Russia, on the hand, is acting smartly in the ongoing conflict. It doesn’t want to lose Azerbaijan because of its location and resources, while at the same time, it doesn’t want to abandon Armenia because of its security pacts with Yerevan.
Looking at the scenario of the conflict, its seriousness can be proved with intensity. Many countries around the world are sceptical about the role of Turkey which it plays in realpolitik. It has its hands in Syria, Libya, Iraq and now in Azerbaijan. Its relation with the EU is at the lowest tide and the recent fight talk between France and Turkey may worsen the situation. Pakistan has vowed its support to Baku, and the conflict can become larger in scale.
There is a need to punish rogue states like Armenia around the world.
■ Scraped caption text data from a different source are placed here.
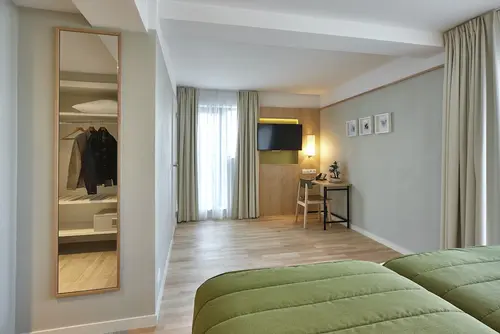 Yadoya Hotel, Room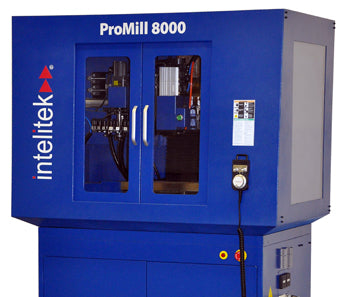 ProMill 8000 Bundle for Engineering CIM Program (optional)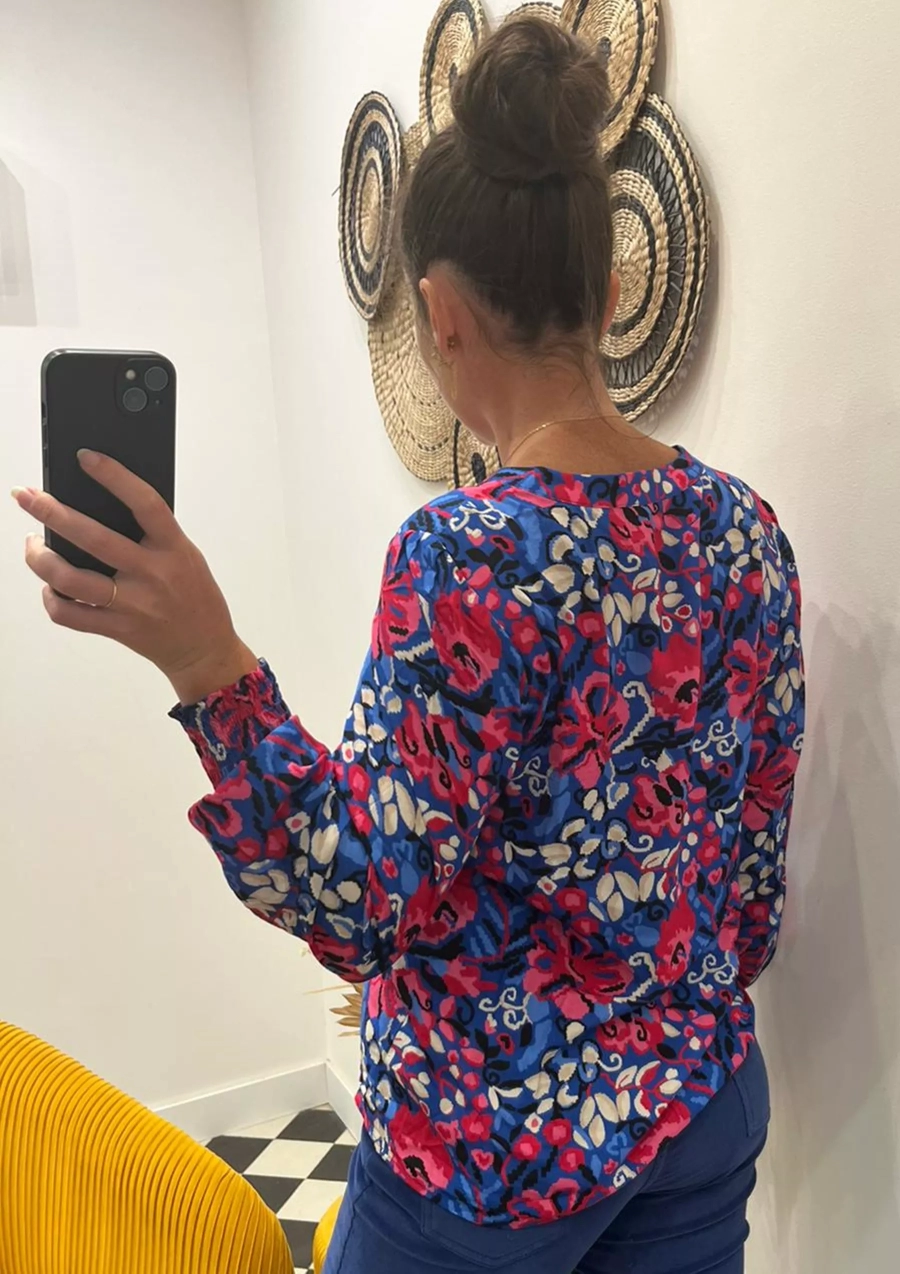 Blouse AUTOMNE C'est Beau La Vie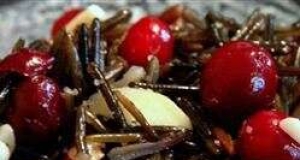 Vegan Wild Rice Salad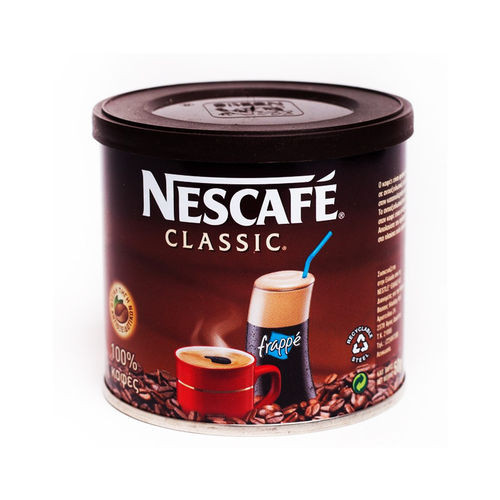 Nescafé Classic Pure Instant Coffee for 50 Cups 100g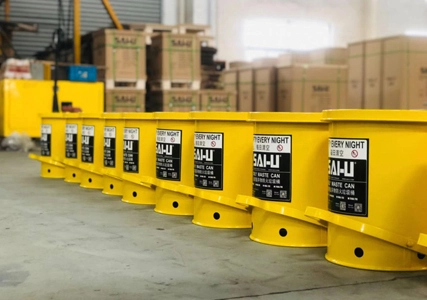 สาเหตุของการระเบิดในสำนักงานใหญ่ของกลุ่ม BASF ยักษ์เคมีของเยอรมัน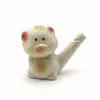 Свистулька керамічна "Кіт" (6,5х8х3,5 см)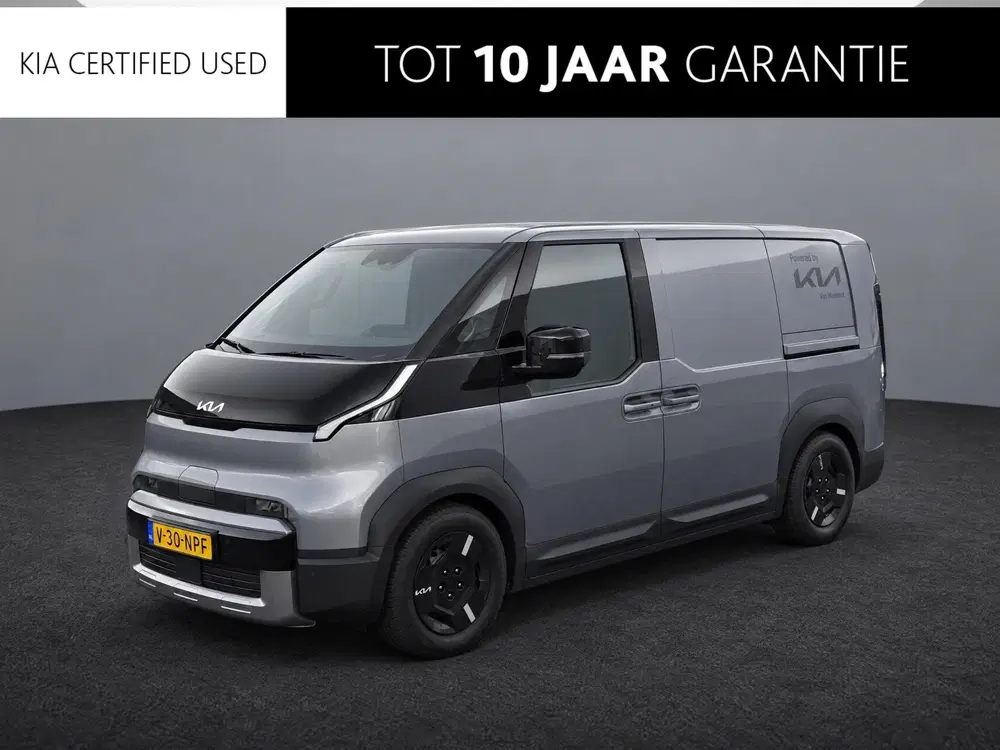 Kia PV5 L2H1 Plus 71.2 kWh uit 2025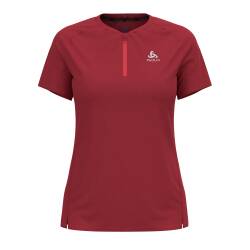 Axalp Trail Crew Nech S/S 1/2 Zip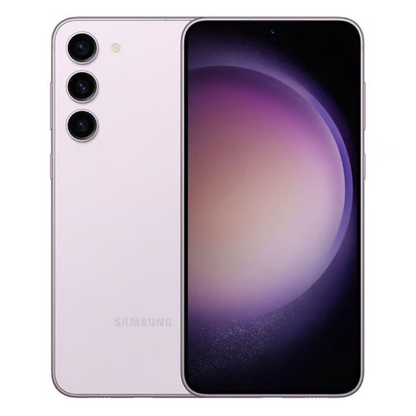 Samsung Galaxy S23+ 5G Android Smartphone Lavender 512GB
The USSC must take its bold decisions and should ask Armenia to withdraw its forces from the internationally recognized territory of Azerbaijan. If there is no respect for international law, then there is no need for global institutions and global order.
Turkey and Russia must act responsibly. They both are indeed working for their interests, but they should not forget that humanity is far superior to interests. Half of the population of Nagorno-Karabakh has been displaced so far by the shelling, and there is a need on both side to have a negotiations table for talks and resolution. The world must keep in mind the butterfly effect that if flipping of butterfly wings causes a tsunami, then a small conflict can cause a regional as well a global war.
The Minsk group should paly its constructive role now. It should ask the parties for a ceasefire, and trust-building. There should be a sense of feeling secure between these two countries, and shouldn’t attack each other’s territories. Armenia should recognize the territorial integrity and sovereignty of Azerbaijan, and Azeris must give a limited self govt to local Armenians within its territory in Nagorno-Karabakh. Such a settlement will give a long-lasting peace to the region, otherwise, the picture seems gloomy.